The “Manufacture Your Future” expo is designed to introduce students to manufacturing as a career.
It featured 30 firms and equipment manufacturers exhibiting the latest in automated manufacturing equipment and processes.
In addition, students were given a tour of HCC’s Regional Advanced Manufacturing Center, which offers an Advanced
Manufacturing credit certificate program and a variety of non-credit courses that can help incumbent workers hone their skills.
The expo drew rave reviews from students, educators and exhibitors alike. “It’s an amazing program,” said student Juan Cardona of Bridgeport’s Harding High School. “It’s 100 percent good!”
“It’s a great opportunity for students to get connections to a manufacturing career,” said teacher Marissa Barreto of Bridgeport’s Fairchild Wheeler Magnet School.
The one-year Advanced Manufacturing Program, which is accepting applications for the Fall semester, prepares students for manufacturing positions that include machine operator, CNC (Computer Numeric Control) operator, CNC programmer, assembler, and Quality Control inspector. These can pay in the $15-$20 per-hour range.

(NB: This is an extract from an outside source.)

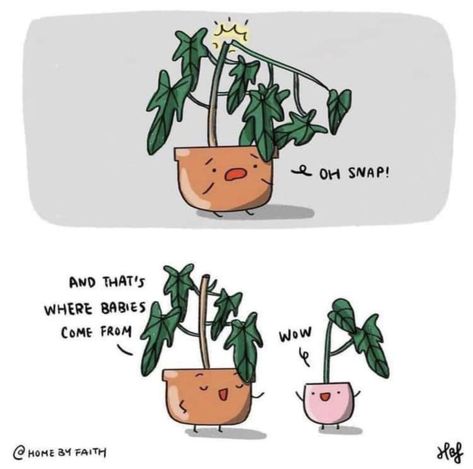 Taken from stashally user @carmen. [Reddit, u/ meandwatersheep] Plant Jokes, Plant Mom, Plant Lady, Cute Comics, Tumblr Funny, Funny Comics, Funny Cute, Puns, Really Funny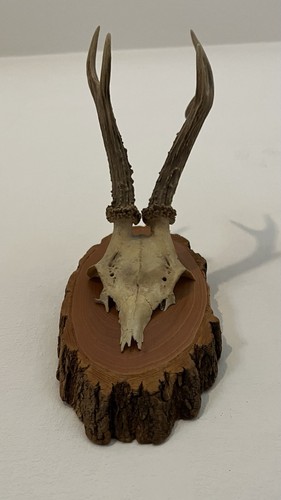Trofeo caccia capriolo - capriolo, con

The program, which requires a 35-hour-per-week commitment from students, leads to an advanced manufacturing certificate. The program is financial-aid eligible.
The manufacturing certificate includes courses in Computer-aided Design (CAD); blueprint reading; drill, press and saw operation; grinding; bench work; lathe operation; milling; and CNC. While providing the foundation to pursue the advanced manufacturing certificate, the basic certificate will also include training in math for manufacturing, lean manufacturing, metrology, computer applications, and careers in manufacturing.
The program also includes advanced courses in manufacturing math and blueprint reading; principles of quality control; and advanced manufacturing machinery courses in lathe operation, milling, and CNC.
Exhibitors at the expo remarked that the students, who came from high schools in Bridgeport, Stratford, Milford, Norwalk, Oxford, Monroe, Fairfield, and Shelton, demonstrated a deep interest in manufacturing as a career.
“I was impressed with the quality of the questions and the attentiveness of the students,” said David Williams of Wallingford’s Holo-Krome. “It was the best student show I have attended.”